Administration Condemns GOP For Inserting Needle Exchange, Abortion Restrictions Into DC Funding Bill

The Obama administration issued a policy statement last night opposing several sections of a DC appropriations bill that would deny funding for needle exchanges, prohibit the District from spending local funds on abortions, and prevent the IRS from using any funds appropriated by the bill to begin implementing the system of premium credits and other provisions that are part of the Affordable Care Act:

District of Columbia Needle Exchange Restriction. Section 807 of the bill restricts the use of Federal funds for the District’s needle exchange programs. This is contrary to current practice and the Administration’s policy to allow funds to be used in locations where local authorities deem needle exchange programs to be effective and appropriate.

District of Columbia Abortion Restriction. Section 810 of the bill prevents the District of Columbia from using its own funds for abortions, which undermines the principle of states’ rights and of D.C. home rule. Longstanding Federal policy already prohibits Federal funds from being used for abortions, except in cases of rape or incest, or when the life of the woman would be endangered.

Department of the Treasury. The Administration opposes sections 107 and 108 of the bill, which would place significant restrictions on the Department’s ability to adequately implement the Affordable Care Act, and would delay the planning and construction of a system to administer the critical premium assistance tax credit and the ability to reconcile it with IRS’s core systems.
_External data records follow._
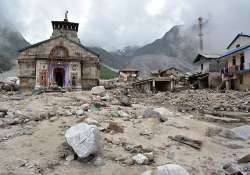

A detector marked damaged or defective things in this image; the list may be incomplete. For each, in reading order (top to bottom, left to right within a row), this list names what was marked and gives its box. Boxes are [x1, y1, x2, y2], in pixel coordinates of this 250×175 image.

damaged structure [17, 12, 100, 89]
damaged structure [190, 53, 222, 89]
damaged structure [221, 33, 250, 90] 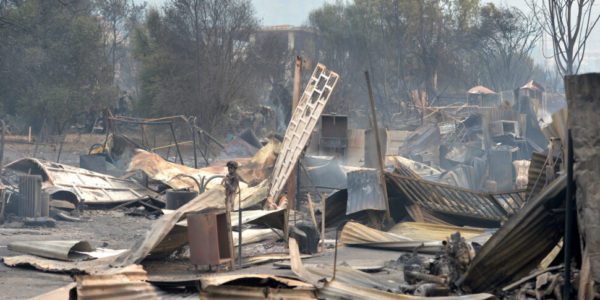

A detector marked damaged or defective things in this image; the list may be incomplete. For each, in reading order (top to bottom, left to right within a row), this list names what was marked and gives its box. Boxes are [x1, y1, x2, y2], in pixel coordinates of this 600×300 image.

rusty metal panel [270, 63, 340, 204]
crumpled metal roofing [5, 157, 159, 204]
rusty metal panel [5, 157, 159, 204]
rusty metal panel [346, 168, 384, 214]
crumpled metal roofing [386, 172, 524, 224]
crumpled metal roofing [460, 175, 568, 292]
These sections would prevent both appropriated and transferred funds from the Department of Health and Human Services from being used by the Department to administer the law.

Republicans had included the needle exchange proposal in their 2011 budget, even though the program actually reduces federal spending and helps lower health care costs. As an example, the cost to prevent a single HIV infection by needle exchange “has been calculated at $4,000 to $12,000, considerably less than the estimated $190,000 (listed in 1997 dollars) medical costs of treating a person infected with HIV.” The public health benefits are also substantial. A 2003 study of 99 cities found that HIV prevalence in addicts fell by 18.6 percent in cities which started needle exchanges, while those that failed to do so saw an 8.1 percent increase. Between 1990 and 2001 in New York, the HIV prevalence rate amongst IV drug users entering addiction treatment similarly fell from 54 percent to 13 percent and Hepatitis C prevalence fell from 90 percent to 63 percent.


Meanwhile, denying the District the right to appropriate its funds as it sees fit — in this case to pay for abortions — would disproportionately impact poor women and expose the hollowness of the GOP’s rhetoric about local control and state rights, not to mention their hypocrisy about preventing the federal government from interfering in the doctor-patient relationship.

In its statement of policy, the administration did not threaten to veto the bill over the DC issues, however.